The upcoming election could fundamentally change the inflation outlook for the next three to four years, according to an inflation trader. While many investors and traders are optimistic about cooling U.S. inflation ahead of Thursday’s consumer-price index for June, Wall Street is concerned about the inflationary impacts of a potential second Trump presidency.
Before the CPI report, there are conflicting views on U.S. inflation’s future, complicating the Federal Reserve’s analysis of the appropriate path for interest rates, which remain at 23-year highs of 5.25% to 5.5%. Major U.S. stock indexes closed mostly higher on Tuesday, sending the S&P 500 and Nasdaq Composite to record closes despite a selloff in U.S. government debt that pushed up 10- and 30-year Treasury yields for the first time in five sessions.
One perspective is that inflation will likely continue easing as U.S. growth slows, allowing the Federal Reserve to cut interest rates as soon as September. Economists expect the annual headline CPI inflation rate to fall to 3.1% in June from 3.3% in May, with inflation traders predicting a drop to 2% by May 2025.
Another perspective suggests that inflation could rise again if Trump is re-elected due to his trade and immigration proposals. Parts of the market have expressed concern about Trump 2.0, as seen in a two-day rise in Treasury yields on June 28 and July 1, despite four months remaining before Americans vote.
“For good reasons, traders link Trump’s policy agenda with inflation,” said Thierry Wizman, a global FX and rates strategist at Macquarie. “They see policy rates being higher than otherwise under Trump 2.0.”
Trump leads President Joe Biden in polls nearly two weeks after their June 27 debate, drawing attention to his proposals for 10% duties on all imports and minimum 60% tariffs on Chinese goods.
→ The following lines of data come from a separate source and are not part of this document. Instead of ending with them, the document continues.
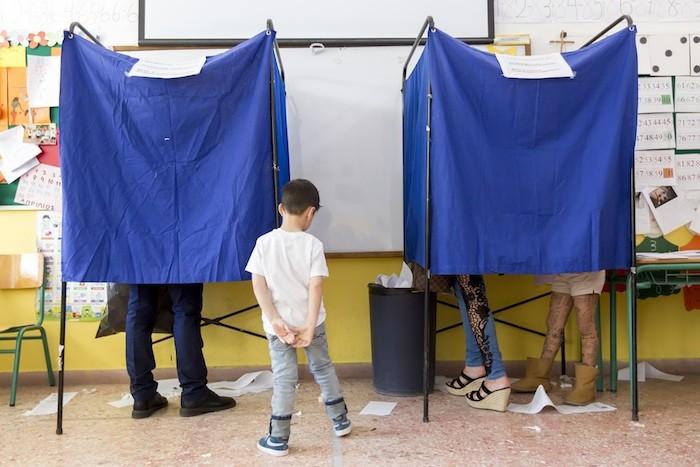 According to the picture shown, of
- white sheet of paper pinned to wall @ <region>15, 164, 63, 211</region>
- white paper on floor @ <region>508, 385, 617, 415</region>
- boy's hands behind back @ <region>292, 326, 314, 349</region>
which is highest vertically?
white sheet of paper pinned to wall @ <region>15, 164, 63, 211</region>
Biden has also faced criticism for the U.S. inflation run-up that began in 2021, following his Covid-relief plan that added $1.9 trillion in federal spending.
Goldman Sachs’ chief economist Jan Hatzius recently stated that Trump’s 10% tariff proposal could trigger reciprocal actions by other countries, potentially raising U.S. inflation by 1.1 percentage points and leading to five extra quarter-point rate hikes by the Fed.
Additionally, Deutsche Bank strategist Steven Zeng highlighted the impact of Trump’s immigration policies on U.S. interest rates. He noted that increased immigration flows have acted as a positive supply shock, aiding the Fed in cutting rates, and that reversing these flows could lead to higher wage inflation and a more hawkish Fed stance.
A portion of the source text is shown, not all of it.